Di chi è la colpa di questa disumanizzazione del potere? Ancora una volta della sparizione della morale comune. Se c’è una morale condivisa infatti non è necessario prescrivere minuziosamente ogni comportamento perché certe cose appaiono ovvie, come alzarsi e cedere il posto ad un anziano in autobus ad esempio.

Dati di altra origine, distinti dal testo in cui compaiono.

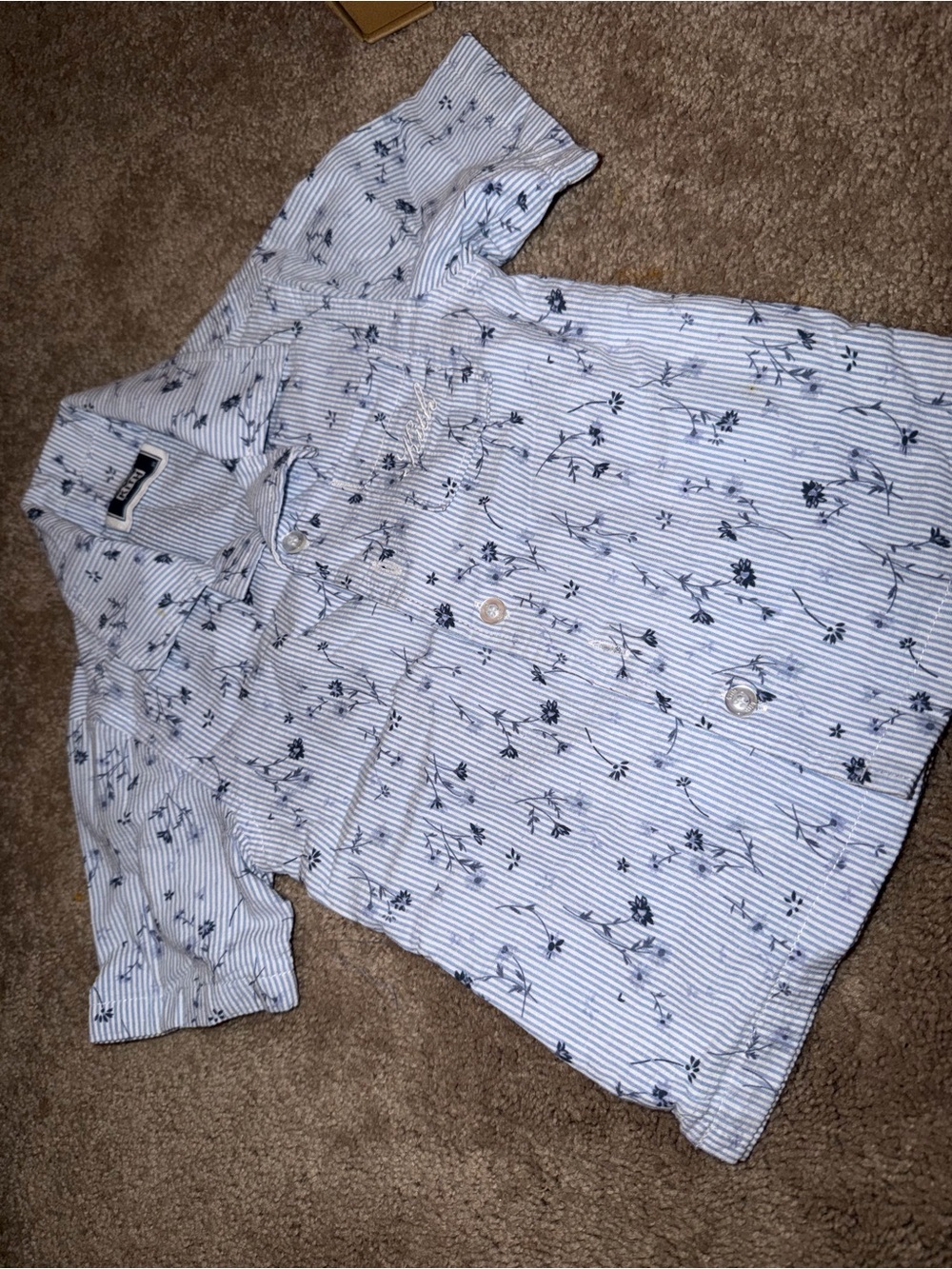 Kith Boys Short-Sleeve Blue Floral Stripe Shirt and short set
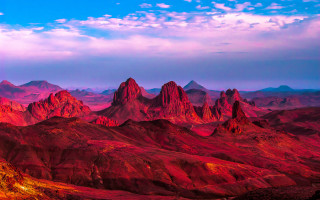 Mountain range pink sky clouds 18 - mystical free wallpaper
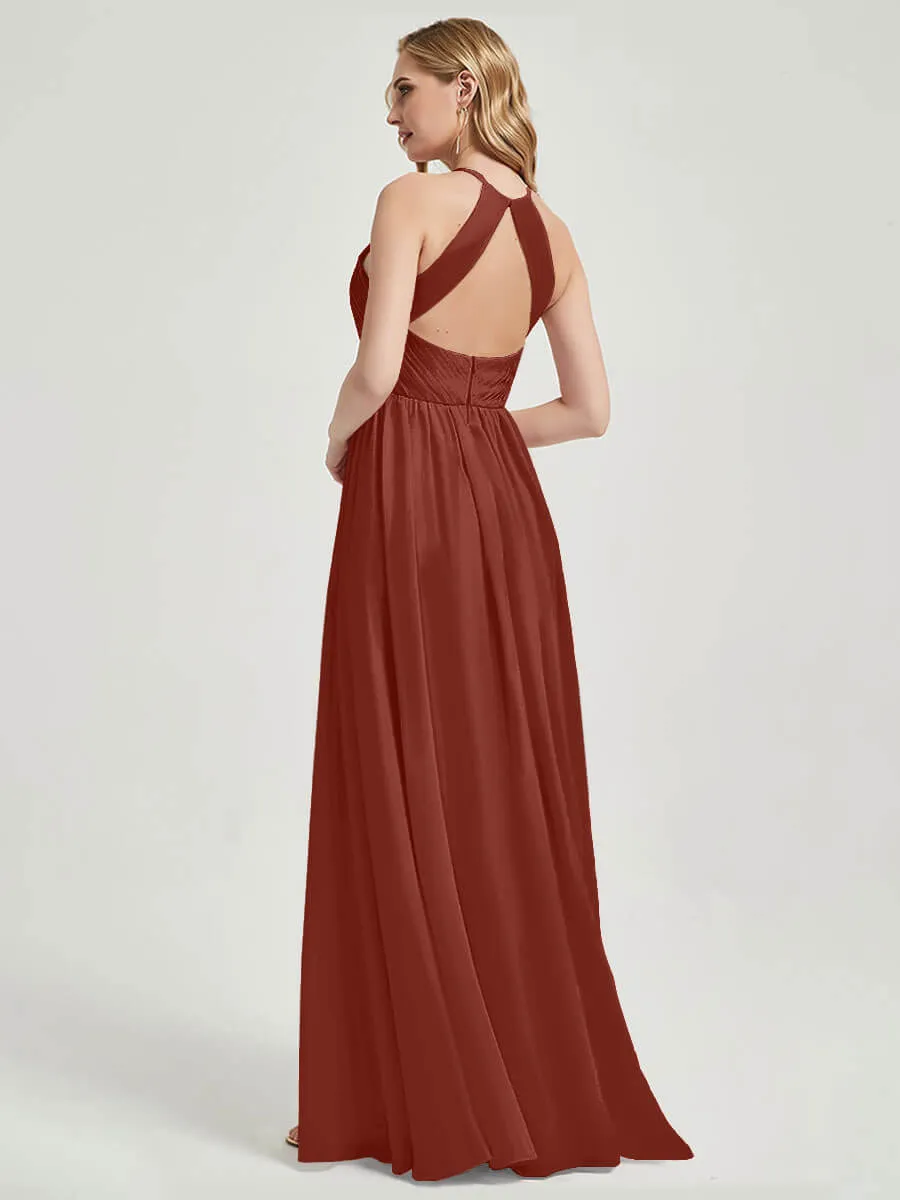 [Final Sale] Cinnamon Rose Halter Pleated Keyhole Back Chiffon Bridesmaid Dress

Ancora una volta: è indispensabile tornare ad una educazione morale, ad un’etica condivisa, e quindi alla fine dei conti ad una legge morale naturale, per non perdere ogni possibilità di convivenza umana.





Fraternamente CaterinaLD

"Siamo mendicanti e chiediamo agli altri anche le loro idee, come la staffetta della posta che riceve il documento dalle mani di uno e poi corre per darlo ad un altro. Faccio una timida parafrasi delle parole di chi ci ha preceduto nel cammino della fede, per annunciarle ad altri."